Messagepar Jean-Pierre NIEUDAN » Dim 28 Oct 2018 15:45

Est-il nécessaire de suivre des "cours d'œnologie", de posséder un don, d' apprendre par cœur les décrets d'appellation pour apprécier un vin ?

« Déguster », voilà un mot bien ambivalent. Pour le gastronome , « déguster un plat ou un vin », c'est le consommer lentement avec plaisir. Au contraire , pour le bagarreur, « déguster une tarte » est un événement déplaisant à oublier rapidement. Pour le professionnel du vin, la dégustation est un exercice de concentration au cours duquel on analyse et s'efforce de décrire avec plus ou moins de détails les odeurs, les goûts et les sensations somesthésiques éprouvés. Le professionnel ne déguste pas par plaisir. Il est motivé par la décision qu'il doit prendre. Quel que soit son métier, le professionnel du vin déguste pour choisir une date de vendange , un achat, un classement ou encore une analyse à faire pratiquer.

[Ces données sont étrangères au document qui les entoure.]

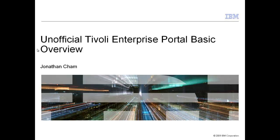Hello, and welcome to my first installment of the Tivoli Enterprise Portal Basics. My name is Jonathan Cham, and I am a Client Technical Specialist for IBM.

Pourtant, nous avons souvent eu à réagir à l'allégation « c'est dingue de t'entendre décrire les vins, moi, je n'ai pas d'odorat, je ne connais pas les mots ». Excepté les porteurs d'un handicap sensoriel (tel que l'anosmie ou l'agueusie), tout le monde peut déguster ! Il n'est pas nécessaire de décrire pour apprécier. Pour reconnaître les vins et leurs caractères sensoriels, le dégustateur professionnel a consacré du temps à se former et se soumet à un entraînement permanent . Tout comme le sportif ou le musicien, il a appris les codes, fait ses gammes et accepte de s'entraîner.

Se connaître soi-même

Alors, comment devient-on un dégustateur averti ? Un point crucial est de se connaître soi-même. Nous sommes tous différents physiquement, mais nous sommes aussi tous différents « sensoriellement ». Notre génétique , notre mode de vie, notre alimentation ont façonné nos capacités sensorielles, sans cesse en évolution . Chacun doit être conscient de son aptitude à percevoir. Le bon dégustateur saura s'effacer lorsque le débat porte sur une odeur qu'il perçoit mal ou, au contraire, moduler son propos pour les odeurs auxquelles il est très sensible . Pour cela, il est nécessaire d'être confronté à des stimuli odorants, sapides ou somesthésiques et d'apprendre à relier la sensation perçue à une émotion personnelle puis finalement à un lexique acquis et partagé avec les pairs. Le professionnel déguste avec conscience.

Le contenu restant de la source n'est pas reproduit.